(SOURCE DATA Opens)

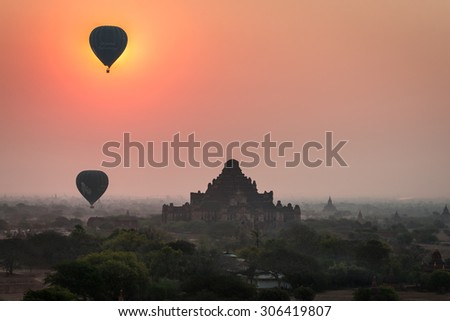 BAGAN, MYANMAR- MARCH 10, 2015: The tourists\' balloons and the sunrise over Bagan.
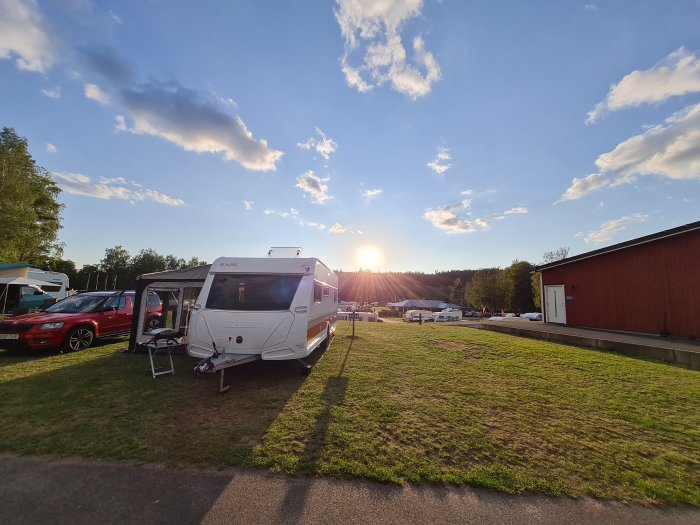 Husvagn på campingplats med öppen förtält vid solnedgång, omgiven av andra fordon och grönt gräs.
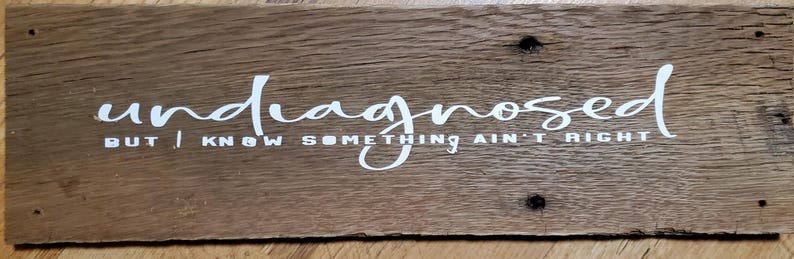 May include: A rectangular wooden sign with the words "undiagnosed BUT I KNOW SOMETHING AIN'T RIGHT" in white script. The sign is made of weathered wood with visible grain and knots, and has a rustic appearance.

(SOURCE DATA Closes)

## EXERCISE DETAILS:
Apart from the pictures, repeat the data above exactly.

## SOLVED PROBLEM:
 BAGAN, MYANMAR- MARCH 10, 2015: The tourists\' balloons and the sunrise over Bagan.
 Husvagn på campingplats med öppen förtält vid solnedgång, omgiven av andra fordon och grönt gräs.
 May include: A rectangular wooden sign with the words "undiagnosed BUT I KNOW SOMETHING AIN'T RIGHT" in white script. The sign is made of weathered wood with visible grain and knots, and has a rustic appearance.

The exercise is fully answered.